According to an online survey using the Spanish version of the Clarke questionnaire we found that up to ∼25% of adult participants with T1D have IAH and that the prevalence of this condition increases with the duration of the disease.

Data regarding the prevalence of IAH in Spain are still very scarce in comparison with other countries. This is probably due, at least in part, to the infrequent use of specific questionnaires dedicated to the detection of IAH mainly because of the lack of translated versions to Spanish. In 2014 we performed a psychometric analysis of the Spanish version of the Clarke questionnaire9 and described that the Spanish version of Clarke Test displays good psychometric properties and could be considered a useful tool for evaluating IAH in patients with T1D using Spanish as the native language. With the use of this test in our routine clinical practice we detected IAH in 16% of an adult population with T1D (average of 20 years of T1D duration, unpublished data) and in 9% of young adults transferred from paediatric to adult Diabetes Units (average of 8 years of TD1 duration, data published only in abstract form).

We report here information regarding the prevalence of IAH in a large group of individuals with T1D based on a survey performed using a anonymous free access online questionnaire with the Spanish version of the Clarke Test.
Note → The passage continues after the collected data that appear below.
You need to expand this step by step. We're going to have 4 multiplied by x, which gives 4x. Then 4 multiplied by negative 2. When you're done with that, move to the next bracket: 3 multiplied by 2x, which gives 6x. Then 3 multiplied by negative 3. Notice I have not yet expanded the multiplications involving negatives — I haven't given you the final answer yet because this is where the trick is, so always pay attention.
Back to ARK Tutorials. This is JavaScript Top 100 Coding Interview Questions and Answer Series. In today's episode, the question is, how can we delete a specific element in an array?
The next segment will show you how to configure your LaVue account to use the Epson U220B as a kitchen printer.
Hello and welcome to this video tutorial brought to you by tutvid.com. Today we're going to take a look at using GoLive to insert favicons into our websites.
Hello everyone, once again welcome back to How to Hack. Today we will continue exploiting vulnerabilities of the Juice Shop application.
Our results are similar to those of other authors and surveys and confirm the relationship between the presence of IAH and disease duration.10,11 In addition to this, 7% of the participants in the present study fulfilled the very recent definition of problematic hypoglycaemia and were designated as IAH by the test.10 Thus, despite modern patient education and improvements in the insulin therapy, severe hypoglycaemia and IAH are still far from being solved in T1D. Repeated non-severe and severe episodes of hypoglycaemia, and the presence of IAH are major barriers to achieving normoglycaemia over a lifetime of using intensive insulin therapy and thereby preclude the long-term benefits of euglycemia.6,12,13 In addition, hypoglycaemia and its consequences have a very negative impact on the perceived quality of life of individuals with T1D.14–16 Considering our results, evaluation and review of the presence of risk factors for severe hypoglycaemia should mandatorily include screening for the presence of IAH using adequate versions of specific questionnaires.
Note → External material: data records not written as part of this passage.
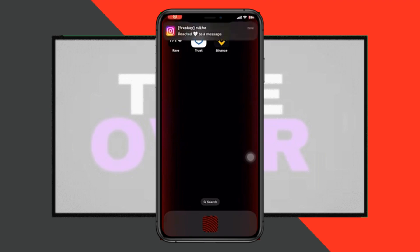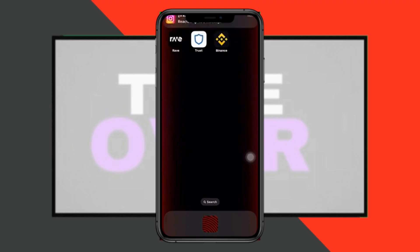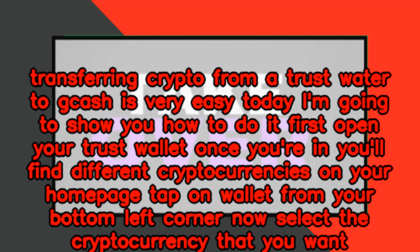Transferring crypto from a Trust Wallet to GCash is very easy. Today I'm going to show you how to do it. First, open your Trust Wallet. Once you're in, you'll find different cryptocurrencies on your home page. Tap on 'Wallet' from your bottom left corner.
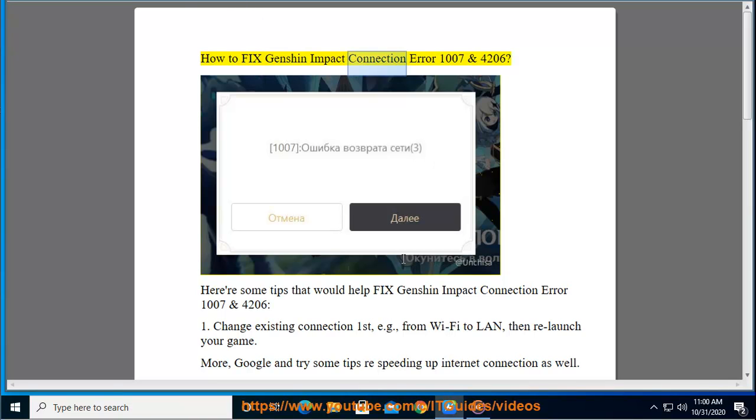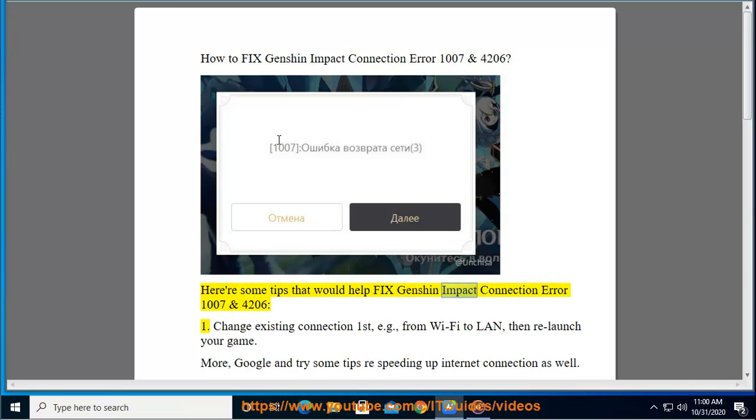How to fix Genshin Impact Connection Error 1007 and 4206. Here are some tips that would help fix Genshin Impact Connection Error 1007 and 4206.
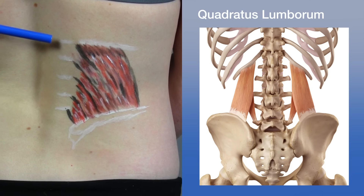The quadratus lumborum attaches at the inferior medial border of the 12th rib and the transverse processes of L1 to L4, and onto the posterior medial iliac crest. Its actions include elevating and anteriorly tilting the pelvis at the lumbosacral joint, extending and laterally flexing the trunk at the spinal joints, and depressing the 12th rib at the costovertebral joint.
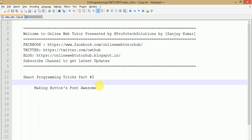Hello guys, welcome to Online Web Tutorial presented by Profotex Solutions team. I am Sanjay. This is our second video in smart programming tricks, in which we are going to learn about Font Awesome. Font Awesome is generally a library file that helps make our buttons look awesome.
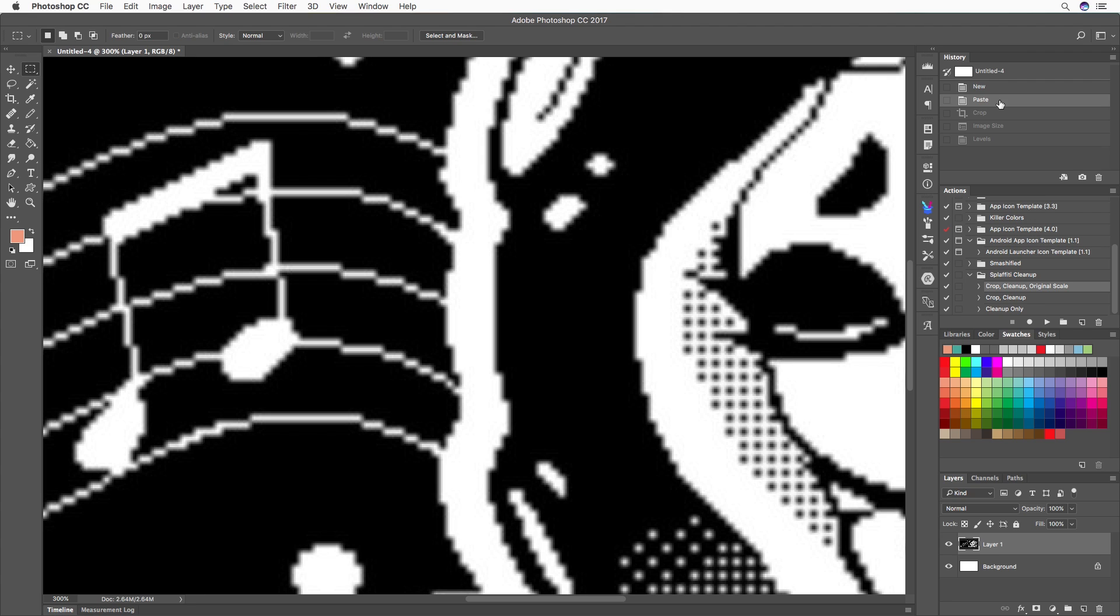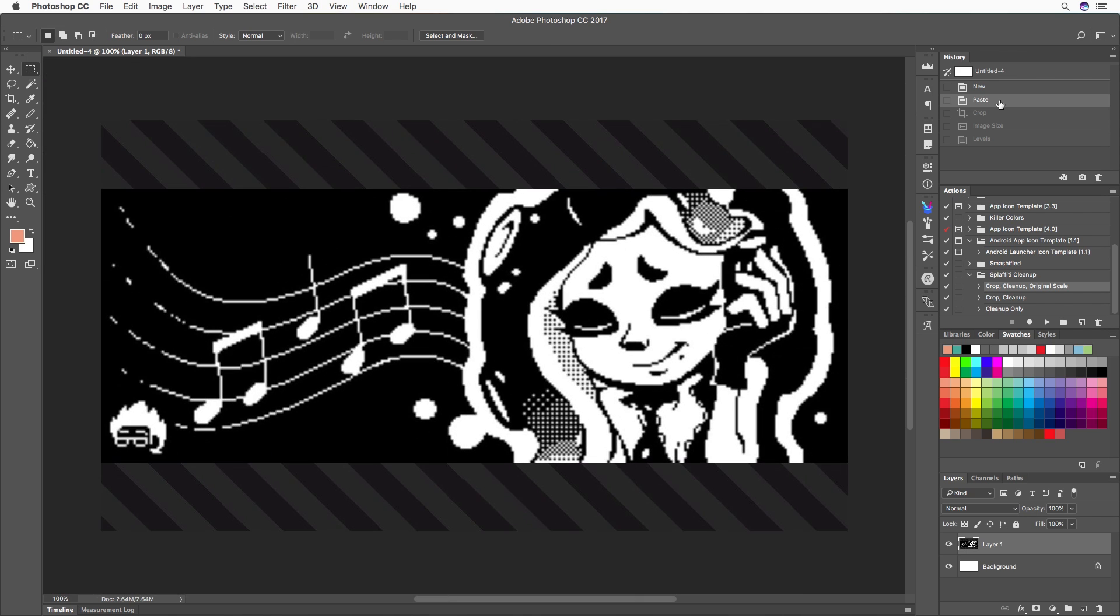To make it easier on everybody, including myself, I created a Photoshop action that will do all of the work for you. So I just want to do a quick demonstration here.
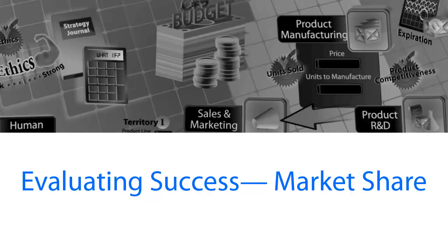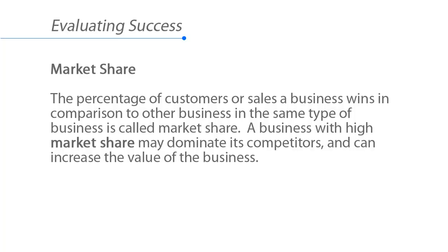Evaluating success: market share. The percentage of customers or sales a business wins in comparison to other businesses in the same type of business is called market share. A business with high market share may dominate its competitors and can increase the value of the business.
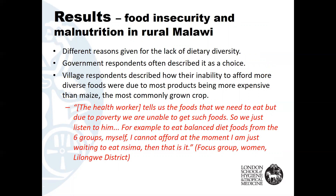Respondents had differing views on reasons for the lack of dietary diversity. Government respondents often spoke about limited diets as being a choice. In contrast, village respondents described their inability to afford more diverse foods, due mostly to products being more expensive than maize — the most commonly grown crop. One respondent said: 'The health worker tells us the foods that we need to eat, but due to poverty we are unable to get such foods, so we just listen to him. To eat balanced diet foods from the six groups — myself, I cannot afford at the moment. I'm just waiting to eat nsema, then that is it.' Nsema being a type of maize flour porridge and staple food in Malawi.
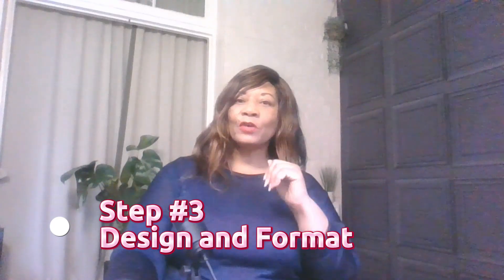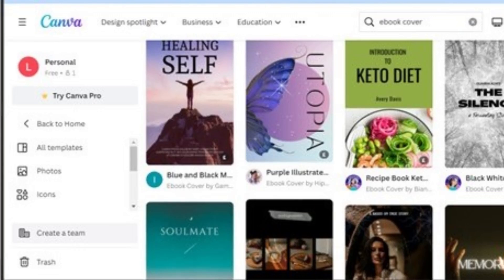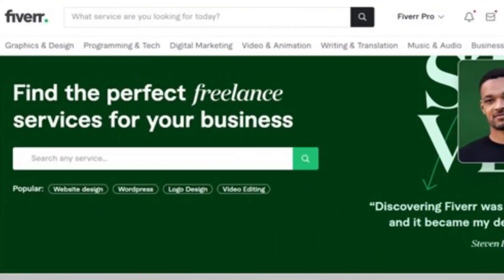Step number three is all about designing and formatting your e-book. If you're not comfortable with design, no worries — Canva has a ton of free e-book templates that you can customise to match your own style, or you can hire a designer on Fiverr.com to give your e-book a polished look.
Our study has limitations. The most important limitation is inherent to the study design. We relied on data from an anonymous, free access on-line survey, and therefore cannot totally guarantee the truthfulness and accuracy of the results. In addition to this, it is possible that mostly those patients with T1D affected by recurrent episodes of hypoglycaemia or specially interested in that subject answered the questionnaire. However, the large number of participants, as well as, the fact that our findings can be extrapolated to previous reports on the same subject, could be considered a significant strength of our work.
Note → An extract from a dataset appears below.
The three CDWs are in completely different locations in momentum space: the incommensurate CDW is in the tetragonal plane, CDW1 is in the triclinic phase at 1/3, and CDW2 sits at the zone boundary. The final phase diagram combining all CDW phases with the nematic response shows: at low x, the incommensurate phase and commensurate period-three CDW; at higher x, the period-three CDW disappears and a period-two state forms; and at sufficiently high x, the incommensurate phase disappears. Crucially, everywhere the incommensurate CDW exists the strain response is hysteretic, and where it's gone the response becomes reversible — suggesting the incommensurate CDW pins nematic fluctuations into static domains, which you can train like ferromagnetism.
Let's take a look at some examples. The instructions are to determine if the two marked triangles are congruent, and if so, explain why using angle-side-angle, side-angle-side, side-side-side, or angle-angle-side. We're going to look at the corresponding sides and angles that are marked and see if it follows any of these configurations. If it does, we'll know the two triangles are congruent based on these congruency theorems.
In summary, at least 25% of T1D participants in an online survey using a Spanish version of a currently used questionnaire showed impaired awareness of hypoglycaemia. The presence of this condition increases with the duration of the disease and allows the identification of subjects prone to severe episodes of hypoglycaemia.

Conflict of interest

The authors declare no conflict of interest regarding the manuscript.

Acknowledgements

We are indebted to all of those who participated in the survey and to the personnel from the “Fundación para la Diabetes” for their help.